Lastly, worksheet 1 in Pub 970 does not reference form 1098T. It only refers to Scholarships and Qualified educations expenses. Nowhere in this section of publication 970 or on the worksheet does it say "amounts paid" when referencing qualified education expenses.
I have a similar situation as yours with my daughter. My initial approach was to bite the bullet and report the excess of box 5 over 1 as income (and Box 1 was an incorrect amount). But the scholarship could only be used for tuition i.e. a qualified education expense. Therefore, it meets the definition of tax-free. I will consider the scholarship non-taxable. This may require some adjustments when reporting the 1098T in different tax software programs.
If you're looking at a 2018 form 1098-T with a box 2 amount, then a "reasonable and well-informed tax return preparer knowledgeable in the law would conclude that the information furnished to the tax return preparer appears to be incorrect, inconsistent, or incomplete." And you're required under due diligence standards to get additional information.
Just my $0.02.
Please note that @corinnerichard has asked Twice, and the new topic is here:
That's one reason it helps not to ask your own question inside of an older topic by a different person.

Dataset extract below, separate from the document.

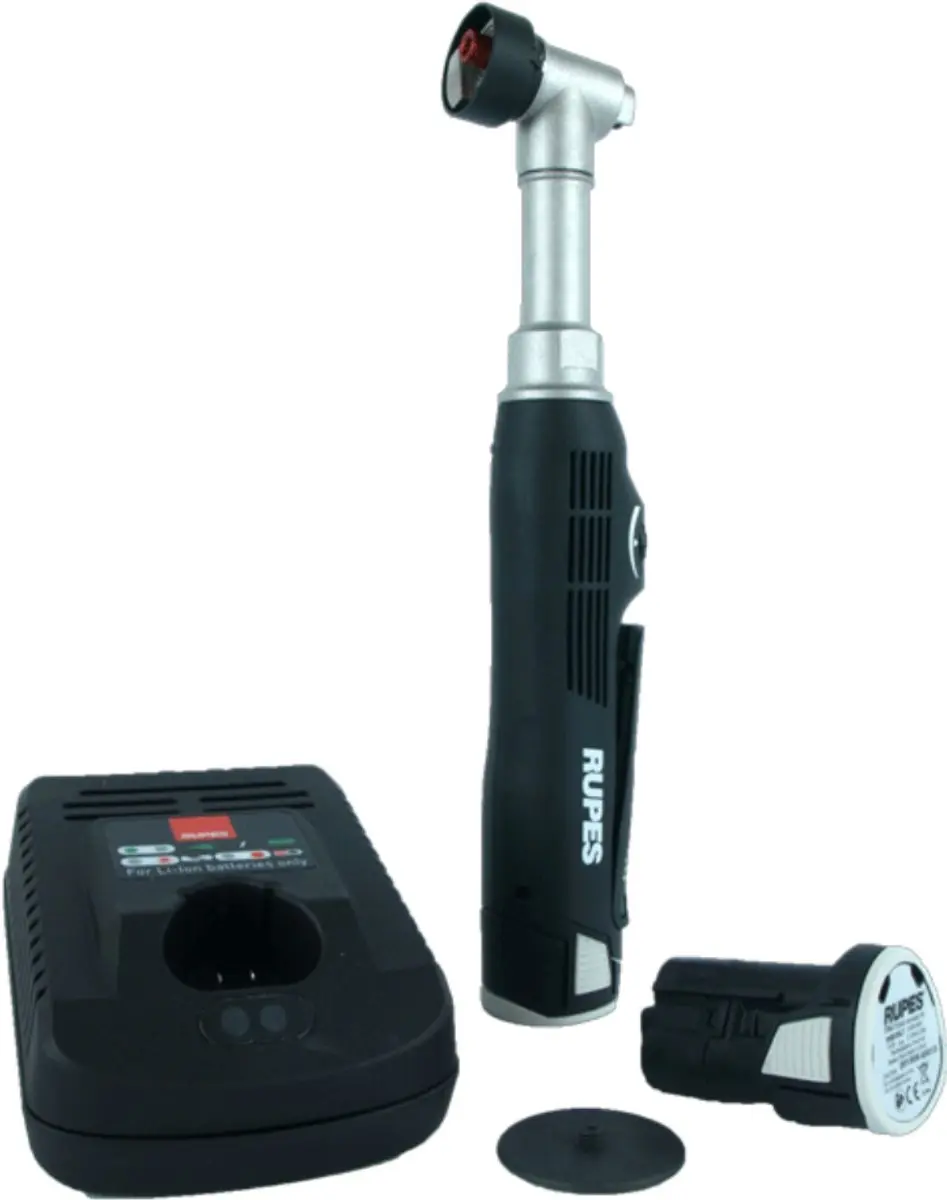 Rupes iBrid Nano Long-Neck Polijstmachine HR81ML/STB - 50mm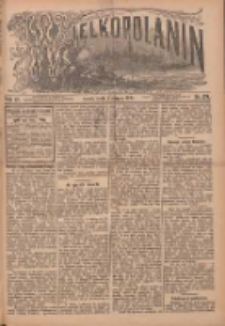 Wielkopolanin 1899.08.02 R.17 Nr174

"Level Up" is a gaming function, not a real life function.
In my case 2019 1098t has box 1 is blank because the university billed in December 2018 but got payment if January 2019. If you use the box 5 minus box 1 the entire scholarship is taxable. When I went into forms mode there was a section for box 1 adjustments where I entered the payment received amount which took care of the tax issue. It seems if the billing was done in 2018 (December) it does not generate information for Box 1 and was told that this was an IRS change to the schools (revenue recognition, etc). I have not confirmed if is this is the correct way so reaching out for verification. My documentation is from the actual invoice.